Portland-area natives Erik Hurtado (above, right), a senior at Santa Clara, and Steven Evans (above, left), a junior at Portland, spent a second summer playing together for the Portland Timbers U-23s in 2012. After successful seasons in the Premier Development League, both players are having standout collegiate seasons this fall, albeit for rival schools.

Entering the final week of the WCC regular season, Hurtado and Evans share the goal-scoring lead in the WCC, deadlocked at 14 goals. The pair is tied for fifth in the nation in goal scoring and also rank first and second, respectively, in the conference in points.

Over the years, the Evans & Hurtado players have developed a friendly relationship despite often being on opposing club, high school, and collegiate sides. The source of that friendship can be traced back to their time with the Timbers U-23s team.

While finding success as teammates may have helped each player improve their game, when their college teams match up, the summer becomes just a memory.

“We’re friends, but on the field the other team is the enemy,” said Hurtado. 

Evans agreed saying, “When we play each other it’s all business, we both want to win.”
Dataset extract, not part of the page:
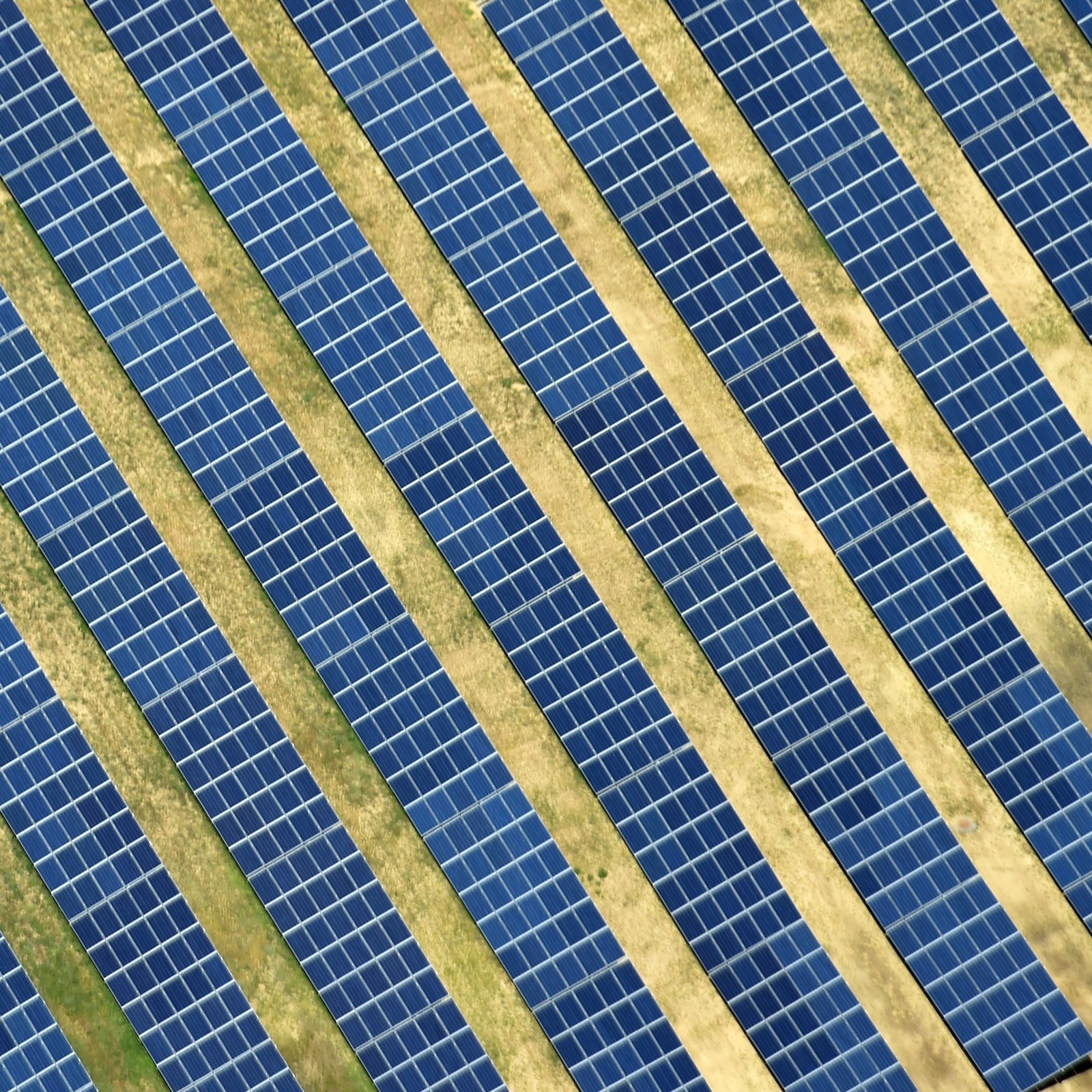 New module AD/CVD case and bifacial import duties reinstated: What lower risk options do I have left?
Not to be out-done, both Evans and Hurtado have shined with their respective college teams in their head-to-head matchups this season. In the season series between Portland and Santa Clara, Hurtado scored two goals, while Evans has tallied three goals, including one in Portland’s nationally televised overtime win at Santa Clara on Oct. 26.
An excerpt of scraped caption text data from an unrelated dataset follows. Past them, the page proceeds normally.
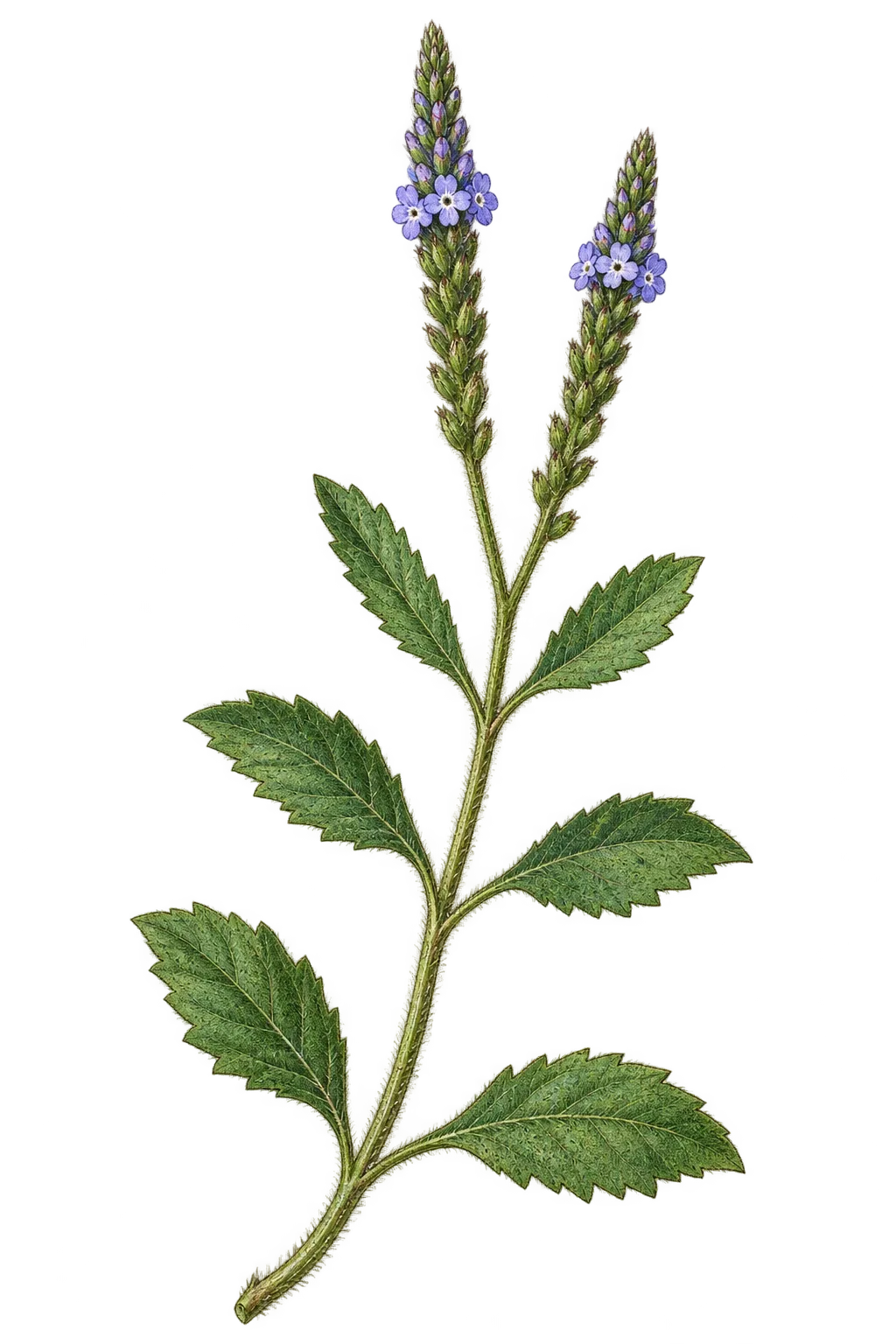 Botanical artwork associated with San Bernardino vervain (Verbena abramsii Moldenke)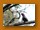 Purpurmasken-Bartvogel| Black-billed Barbet| Lybius guifsobalito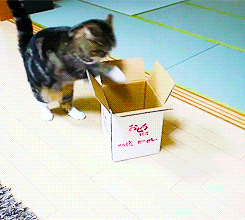 Сколько кошек можно засунуть в коробку. Кошка в коробке. Котенок в коробке подарок. Кошка в подарочной коробке. Кот коробка гиф.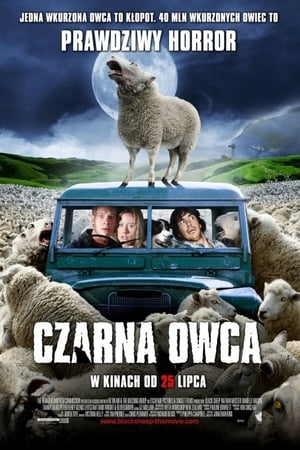 Poster Czarna owca 2007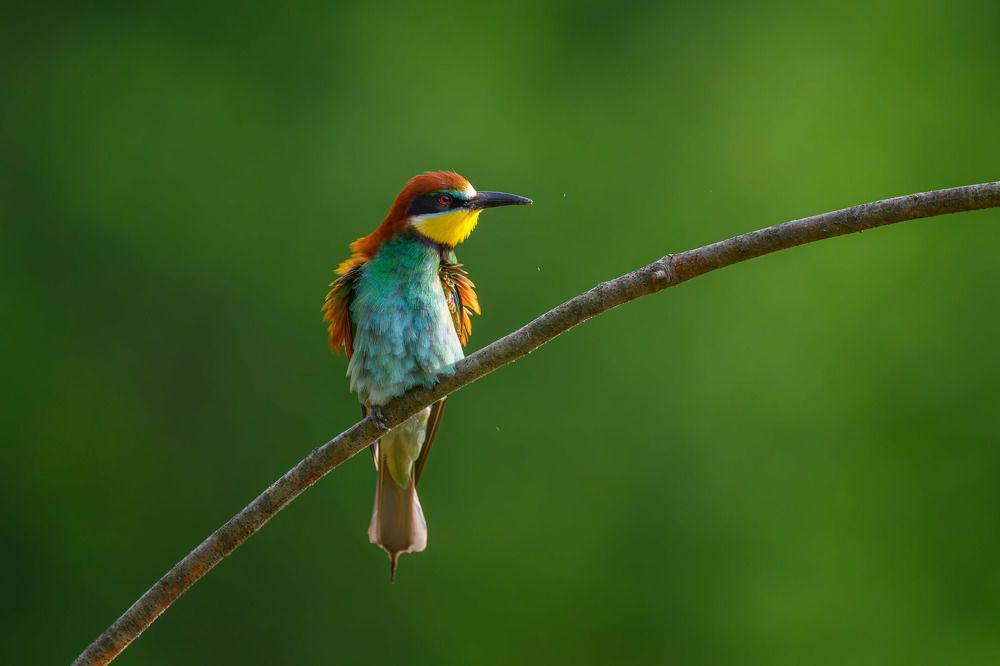 Photograph by Nikolay Hristov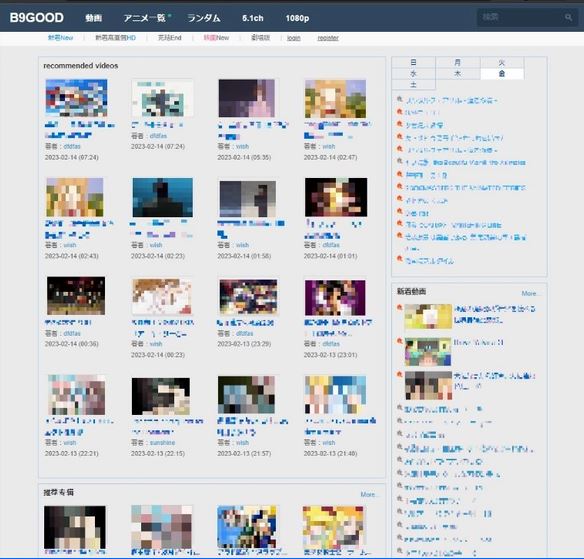 应日方要求查处大型盗版动漫网站 站长江苏落网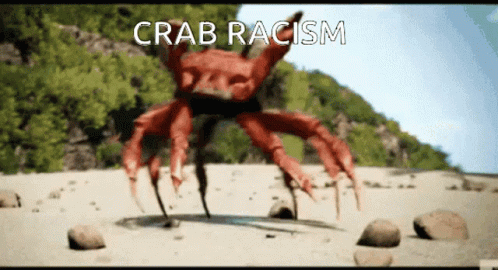 A Crab With The Words Crab Racism Written Above It GIF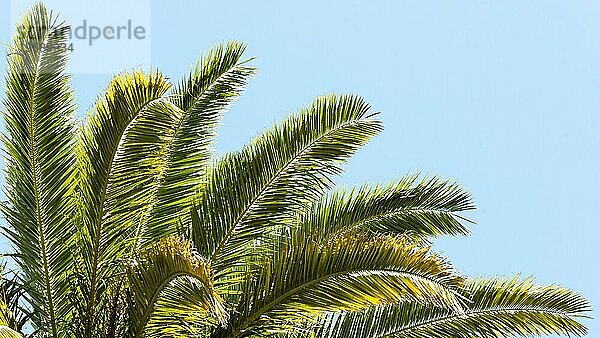 Palmenblätter im Freien Sonne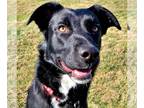 Border Collie Mix DOG FOR ADOPTION RGADN-1227909 - Junior (Adoption Sponsored) -
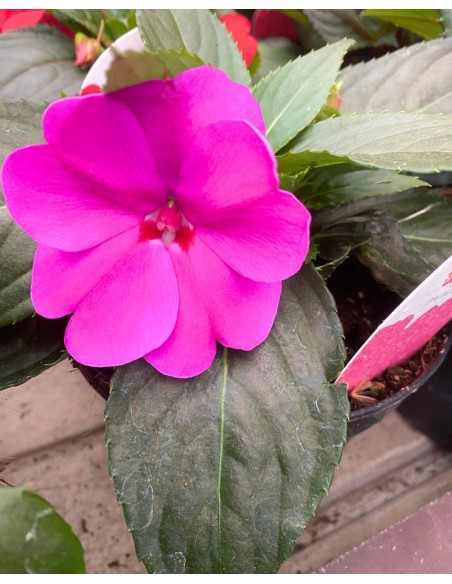 SUNPATIENS: Pianta con fioriture abbonadanti con minima cura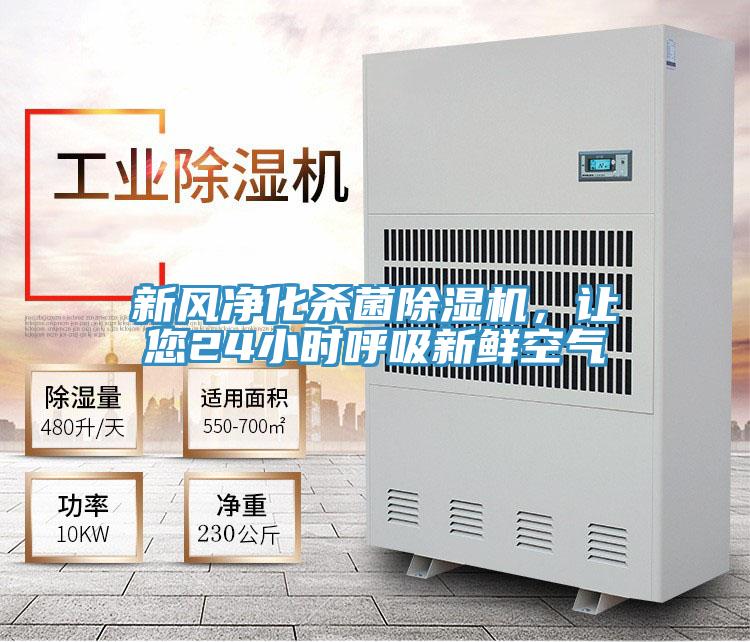 新风净化杀菌免费看操逼软件，让您24小时呼吸新鲜空气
The two players praised the Timbers’ U-23 program and its staff for how it helped them prepare for their collegiate season.

“After the summer, I felt fit, I felt strong, and having that confidence was huge,” said Evans. “Head coach Jim Rilatt pushed me a lot. The attitude that he instilled in us was to practice like you are in a game, to work as hard as you can.”

The Timbers’ development team has also helped prepare young players for the jump to the professional level, an opportunity Hurtado and Evans both hope for.

“The Timbers U-23s taught me about coming to practice ready every day,” said Hurtado, who scored 14 goals over two seasons with the Timbers U-23s. “It definitely helped me become more disciplined and mature in my game. There’s so much more to it than just playing the game.”

Both Evans and Hurtado are quick to stress the importance of team success as the focus of their collegiate season, but both have racked up an impressive list of individual accolades this fall. The 2012 WCC Player of the Year may be the capper and both are deserving candidates.

“He wants the (WCC) Player of the Year and so do I,” said Evans.

While it’s too early to say who will win the award, for Timbers U-23s fans, it is likely be a familiar face.